# [Task brief]
Please set down, word for word, the line that contains "Find an experienced" and every line after it to the end of the entries below, omitting the pictures.

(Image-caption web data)
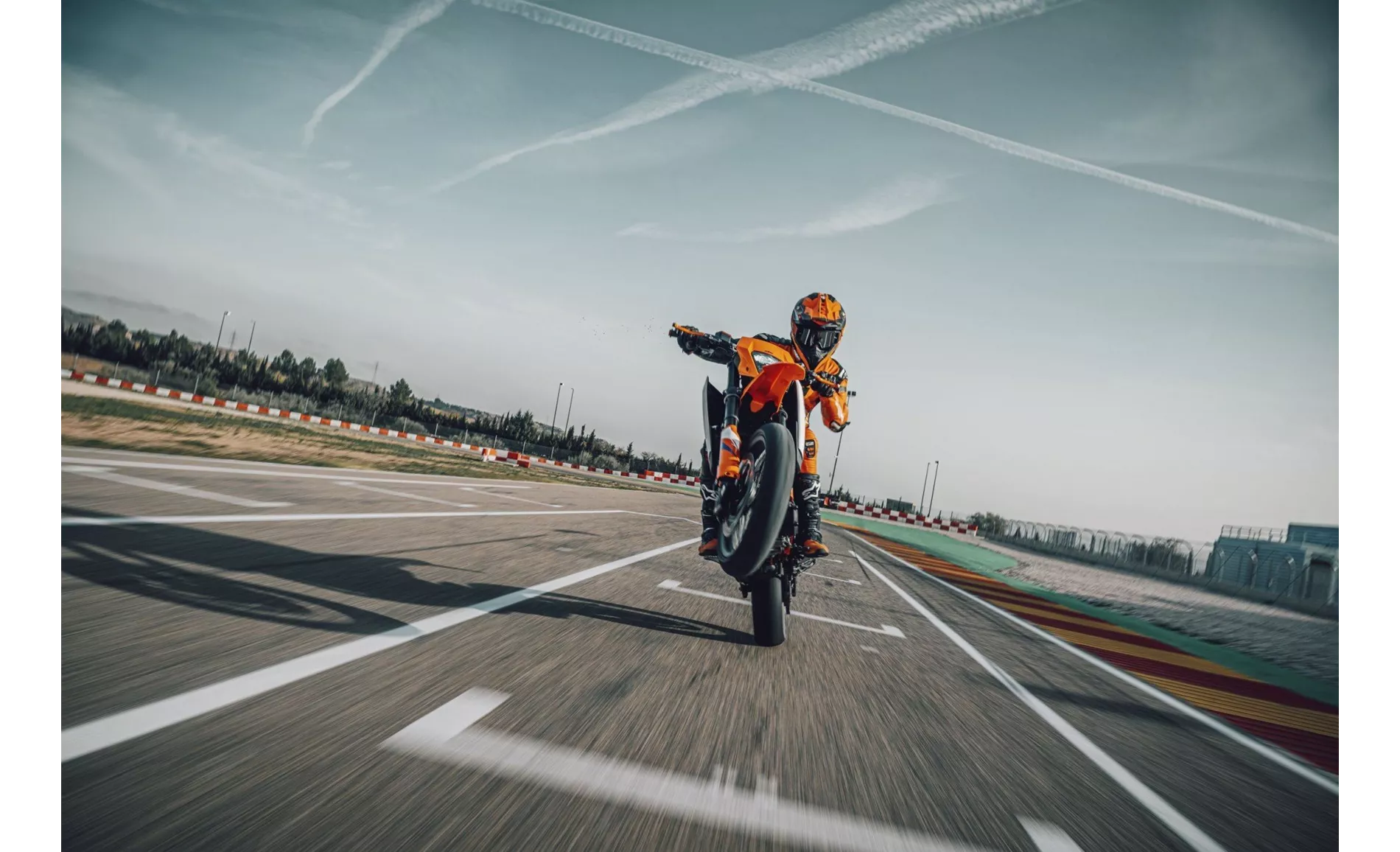 KTM 390 SMC R 2026 KTM 390 SMC R 2026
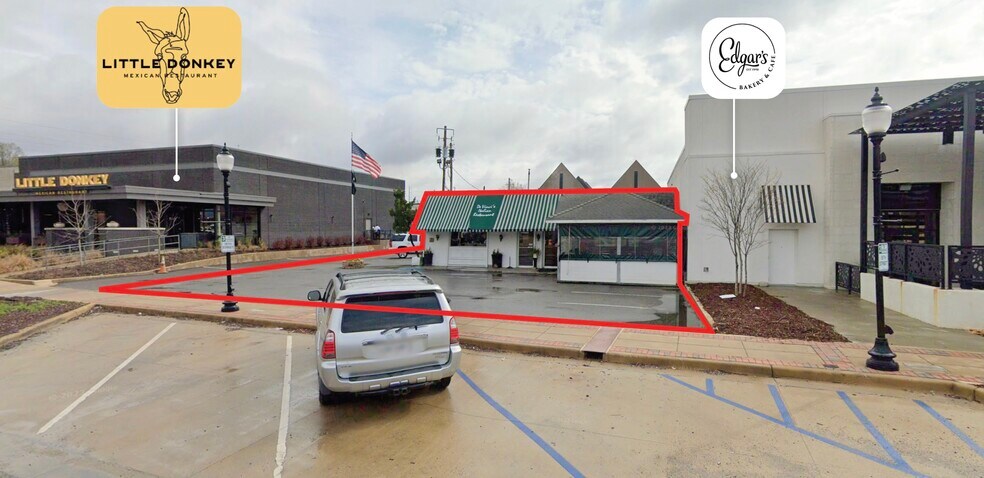 More Photos Of 2707 18th St S, Birmingham Restaurant For Lease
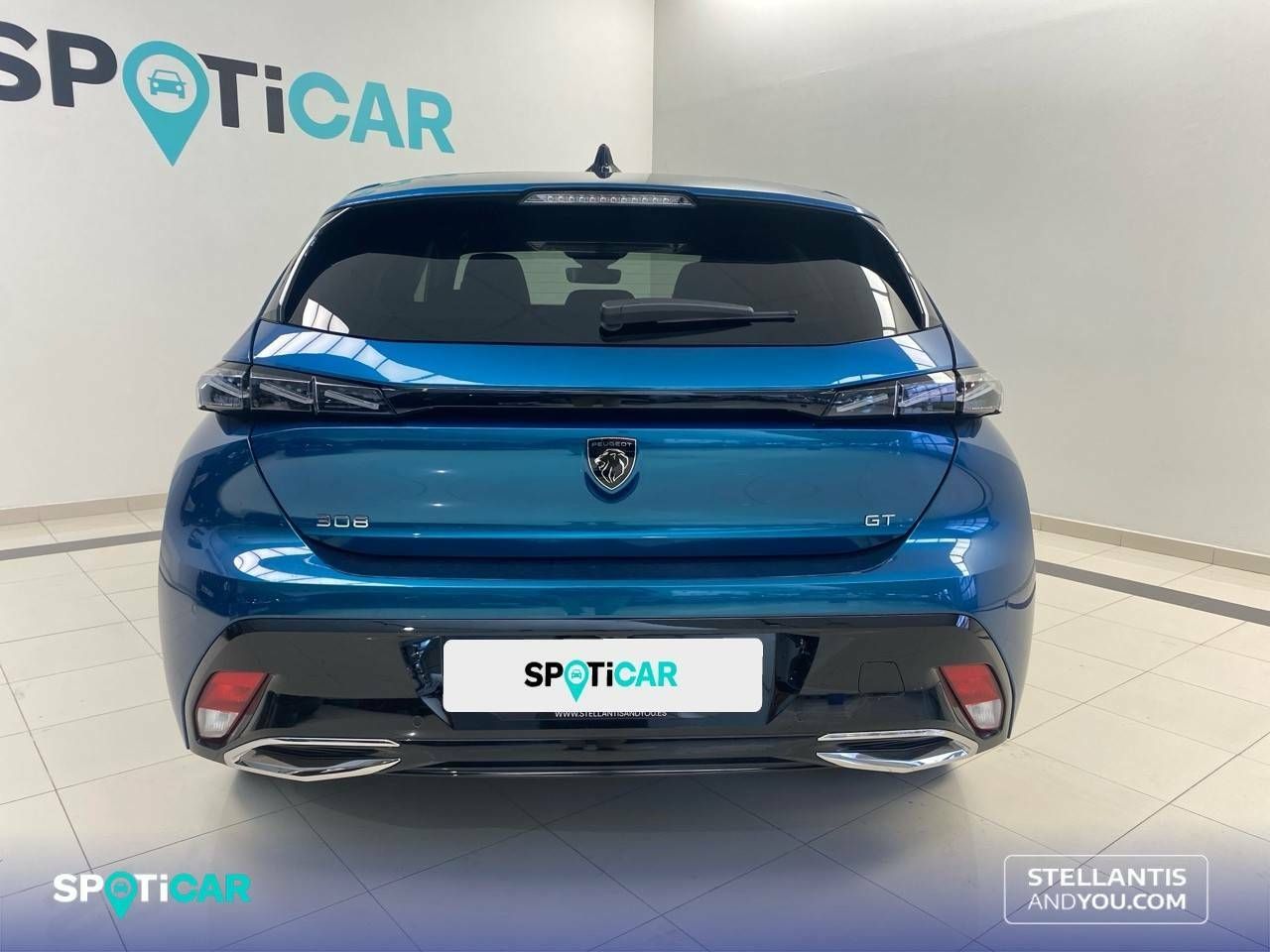 Foto Peugeot 308 5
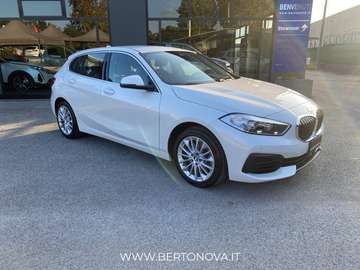 120d xDrive 5p. Advantage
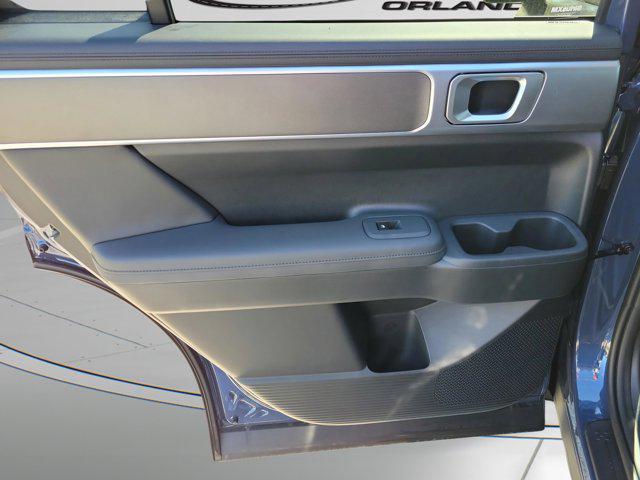 new 2025 Hyundai Santa Fe car, priced at $39,630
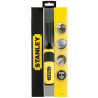 STANLEY Glietera cu lama de inox, pentru finisare, 320 x 130 mm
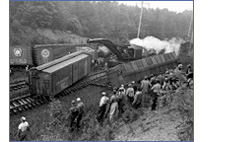 Find an experienced train accident lawyer who will help you with your case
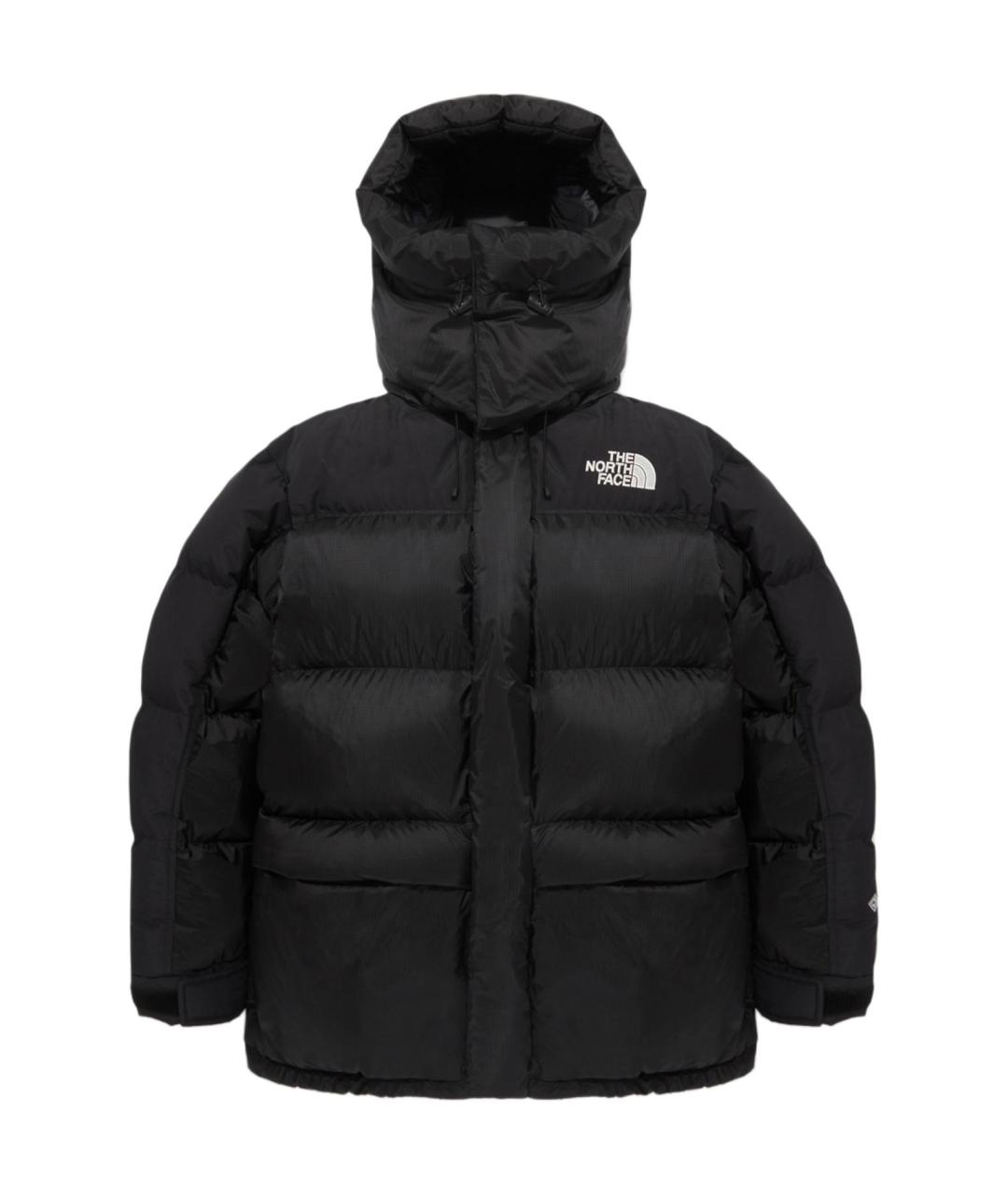THE NORTH FACE Черный пуховик, фото 2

# [Exercise result]
 Find an experienced train accident lawyer who will help you with your case
THE NORTH FACE Черный пуховик, фото 2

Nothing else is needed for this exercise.